Park Guell’s grand stairway is a monument of great visual impact that is made up of four flights. Three have eleven steps each, and forth has twelve. The stairs are divided symmetrically into two parts by three fountains. Of course, each fountain is symbolic.
On the first fountain at the first flight of steps, there is a circle that represents the world along with a compass. This references that Gaudi, the architect, and Guell, the park’s visionary benefactor, were involved in a total or universal experience.
On the second flight, enclosed in a medallion, is the snake’s head under a Catalan flag. There is a combined suggestion of medicine and healing along with nationalism. The snake represented the ancient Greek python mythology as well as perhaps a Biblical reference. This snake could be a reference to Nejustan, the bronze snake that Moses affixed to his staff to ward off dangerous creatures in the desert.
At the third fountain is the famous Park Guell Dragon. This dragon has become an icon of Park Guell. Visitors want there picture taken with it. To Gaudi, the dragon had many important meanings, and the use of it and its various body parts can be seen throughout the master architect’s work. Built of prefabricated hollow brick that was covered in vibrant colorful ceramic pieces, the Park Guell Dragon is a surprising and instantly loved fantasy creature.

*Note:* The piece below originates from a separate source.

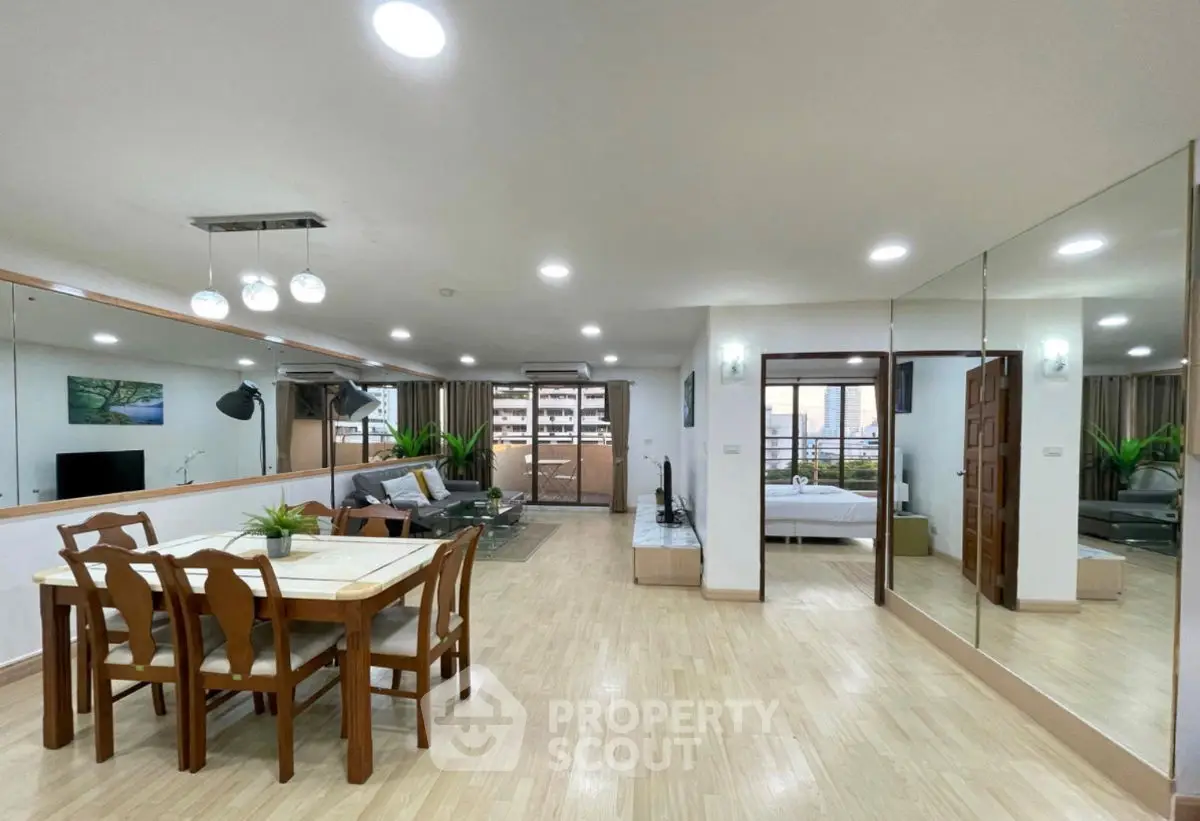 Spacious open-plan living and dining area with modern decor and large mirrors enhancing the space.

It should be pointed out that the mosaic technique of the use of shards of broken ceramic tiles is called trencadis, a Catalan word. It is also referred to as pique assiette. Probably first used in ancient Roman times to more easily cover a rounded shape, the mosaic technique applies pieces of ceramic tiles and sometimes cups.

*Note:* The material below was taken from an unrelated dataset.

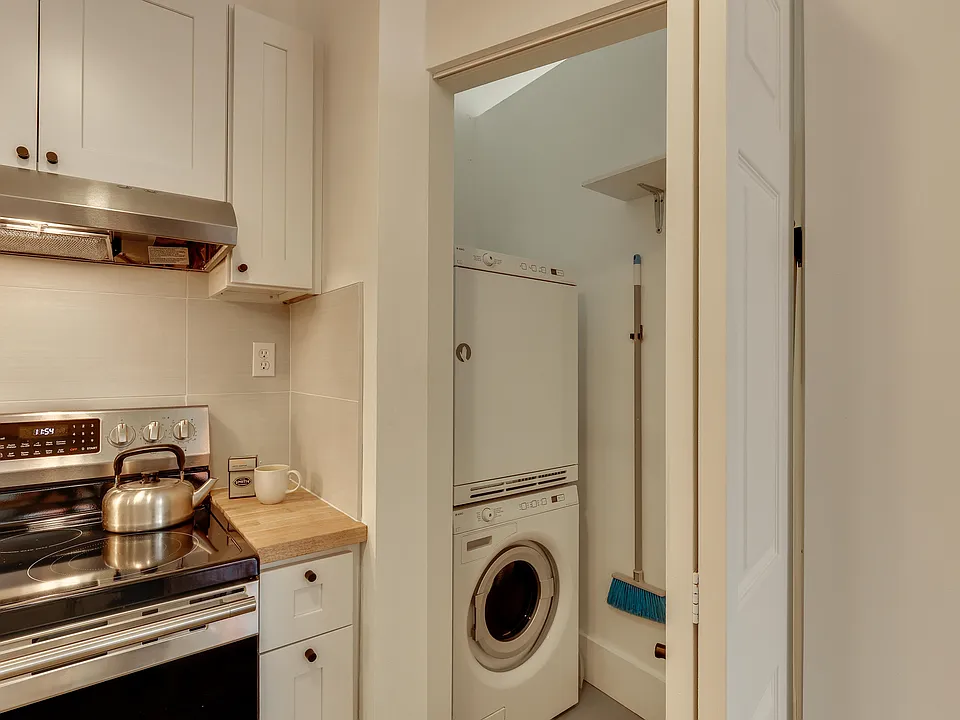 Laundry in closet adjsent to kitchen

The grand stairway (see opening image) leads to what Gaudi considered a forest of Doric columns. This grouping is one of the few truly classical architectural element arrangement that Gaudi ever did. This was based upon the Temple to Apollo at Delphi in Ancient Greece.

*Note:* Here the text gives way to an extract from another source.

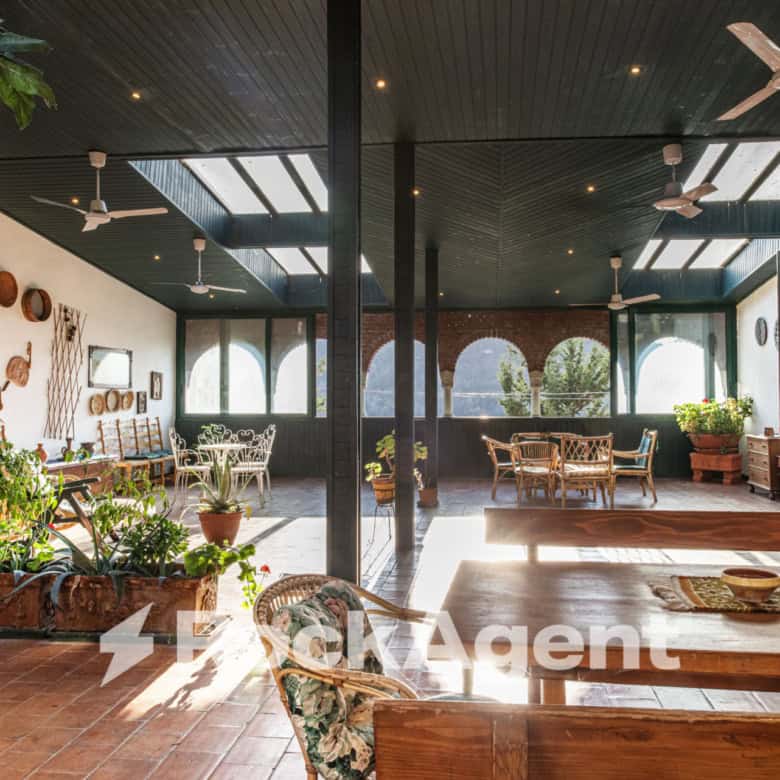 Elegant villa interior with spacious dining and living areas in Varzi, Italy.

The roof of the market is made up of semi-spherical vaults decorated with white trencadis. Four columns were left out by Gaudi. He put rosettes there that colorfully illustrated the four seasons. The cornice at the top of the marketplace is decorated with a series of lion head gargoyles. These serve as downspouts for rain runoff from under the serpentine bench in the main square of the park.
The Park Guell’s main square was inspired by city squares in ancient Greece. Gaudi designed this large open space for meeting, play and relaxation. It allowed for social and religious ceremonies to take place. The north wall is configured like an ancient Greek amphitheatre; it is oval in shape with a third of it cut out from the mountainside.
The south side is outlined by the spectacular serpentine bench which overlooks Barcelona and the Mediterranean Sea. The serpentine bench is considered one of the great pieces of 20th Century public art. Gaudi’s collaborator, architect Josep Maria Jujol designed the trencadis.
The long, undulating bench is a celebration of trencadis technique, changing colors and patterns as well as illumination over the course of a day. The bench is at once art and functional design, sculpture and abstraction. One can easily see how it must have influenced both Cubism and Surrealist aesthetics.
Though Park Guell never became the garden city that Senor Guell had imagined, the park itself is one of the most fabulous open space configurations in the world. Though Antoni Gaudi’s work was generally reviled as frivolous and considered a dead-end after his death in 1926 by most architects and critics, the brilliance of his work has been recognized again since the 1950s.
It is interesting that there was no school, no set of acolytes to carry on Gaudi’s vision after his death. Perhaps, that was a function of the insular, rather isolated, extraordinary architect himself. However, almost everyone finds joy in the experience of Gaudi’s designs. La Sagrada, Casa Batllo, Casa Mila and Park Guell are places of wonder and genius.